Atrocity-doers, she calls them, saying the conditions in the detention centers amount to torture chambers.

Deplorable those conditions certainly are, but that’s not the agents’ fault.  What Cronin-Furman carefully elides (deliberately, I say; she is a professor at a prestigious British school, so she knows better) are the reasons for those conditions.

Reasons like the wholly unprecedented flood of illegal aliens across our border.

Reasons like their claiming asylum falsely, having already rejected the asylum—and work opportunities—that Mexico offered them on their way up from the Caravan Triangle.

Reasons like Congress’ Progressive-Democrats blocking all efforts to reform our immigration laws to make it harder to enter illegally and much easier to enter legally while at the same time refusing to correct our asylum laws so that the combination of immigration and asylum law could remove incentives to try to enter our nation illegally.

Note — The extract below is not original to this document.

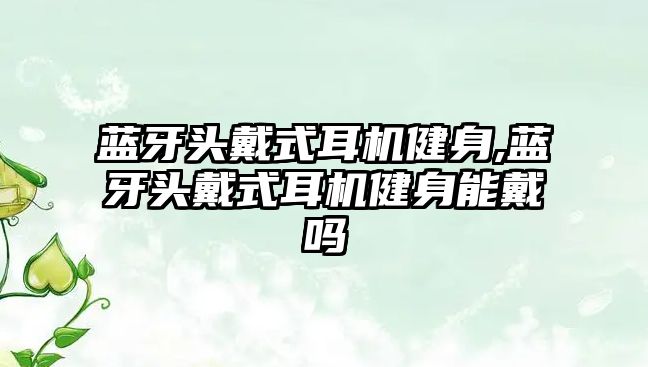 藍牙頭戴式耳機健身,藍牙頭戴式耳機健身能戴嗎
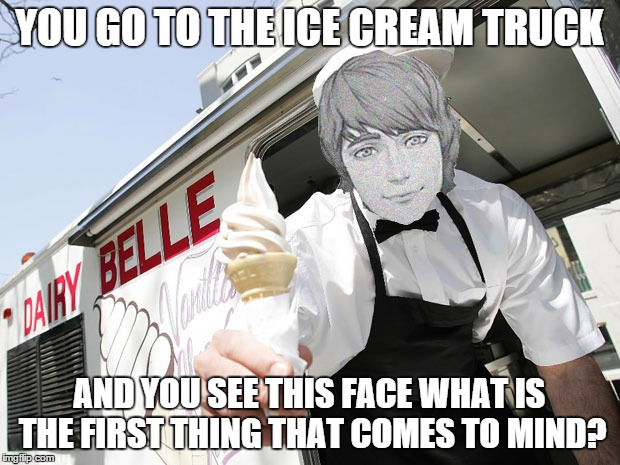 A man who could have a mental break down. | YOU GO TO THE ICE CREAM TRUCK; AND YOU SEE THIS FACE WHAT IS THE FIRST THING THAT COMES TO MIND? | image tagged in zero time dilemma,eric,memes | made w/ Imgflip meme maker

Reasons like Congress’ Progressive-Democrats blocking all efforts actually to secure our southern border with increased and improved security measures, including walls in key sections of our border.  Indeed, many of the Progressive-Democratic Party’s current Presidential candidates have openly called for open borders, decriminalizing illegal entry.

Immediately proximate reasons like Progressive-Democrats in the House of Representatives refusing—for far too long; it took an overwhelmingly bipartisan vote in the Senate to force the question to the House floor—to fund DHS so that Department could expand the detention facilities to meet the “demand” created by that flood of illegal aliens.

Immediately proximate reasons like Progressive-Democrats in the House of Representatives refusing—until that Senate vote—even to allow money to be appropriated for beds and hygiene supplies for those children unless they also could get existing detention facilities disbanded.  “Let those children suffer,” the Progressive-Democrats demanded, “until we get our way.”

If there are atrocities going on on our southern border, they’re in those House Progressive-Democrats’ cynical, despicable dehumanizing of those children, using them as machinations for imposing Progressive-Democrat policies regarding our borders and immigration.  Those children are not human beings in the eyes of those Progressive-Democrats; those children are seen merely as tools to be used for a purpose.

The august personage of Cronin-Furman hasn’t been to our border; she just phoned her piece in (emailed it?) from the safety and comfort of her London school’s office.

Her behavior would be shameful were it not so foolish, or had this professor the grace to know shame.